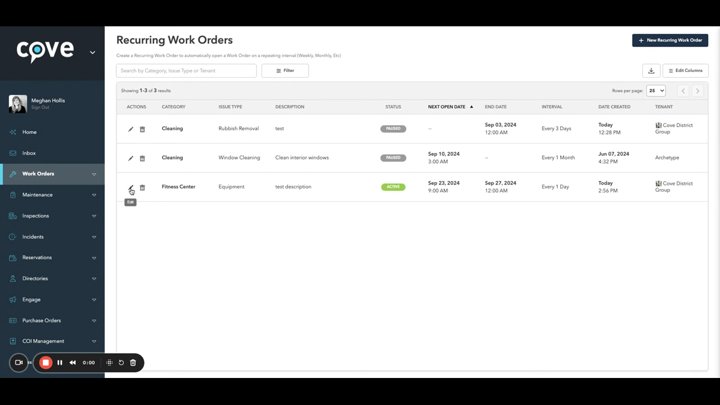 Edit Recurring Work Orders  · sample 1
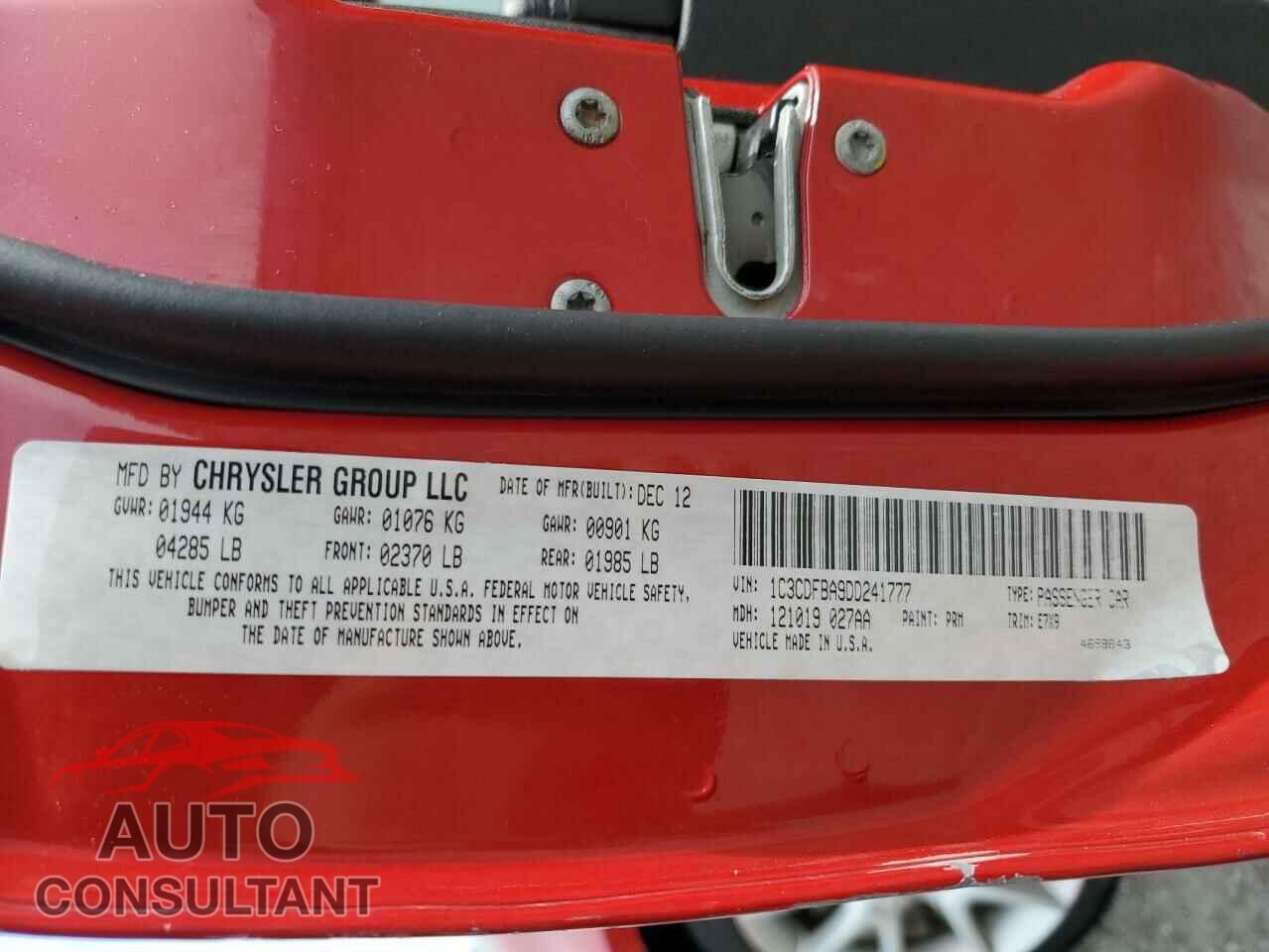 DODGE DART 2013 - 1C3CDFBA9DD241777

==

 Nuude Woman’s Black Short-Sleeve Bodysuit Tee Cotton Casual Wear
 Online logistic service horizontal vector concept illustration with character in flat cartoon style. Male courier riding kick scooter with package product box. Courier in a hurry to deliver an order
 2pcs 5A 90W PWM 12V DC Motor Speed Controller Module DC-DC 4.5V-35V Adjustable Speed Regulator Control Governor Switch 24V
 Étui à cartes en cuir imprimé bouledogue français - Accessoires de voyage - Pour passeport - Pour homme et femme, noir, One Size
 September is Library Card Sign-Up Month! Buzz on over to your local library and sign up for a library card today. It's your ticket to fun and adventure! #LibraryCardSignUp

→ ACTION ITEM
Beginning with the line holding "Edit Recurring Work" in the material above, restate word for word each line through the line holding "DODGE DART 2013 - 1C3CDFBA9DD241777", and exclude pictures.

→ ANSWER TO THIS TASK
 Edit Recurring Work Orders  · sample 1
 DODGE DART 2013 - 1C3CDFBA9DD241777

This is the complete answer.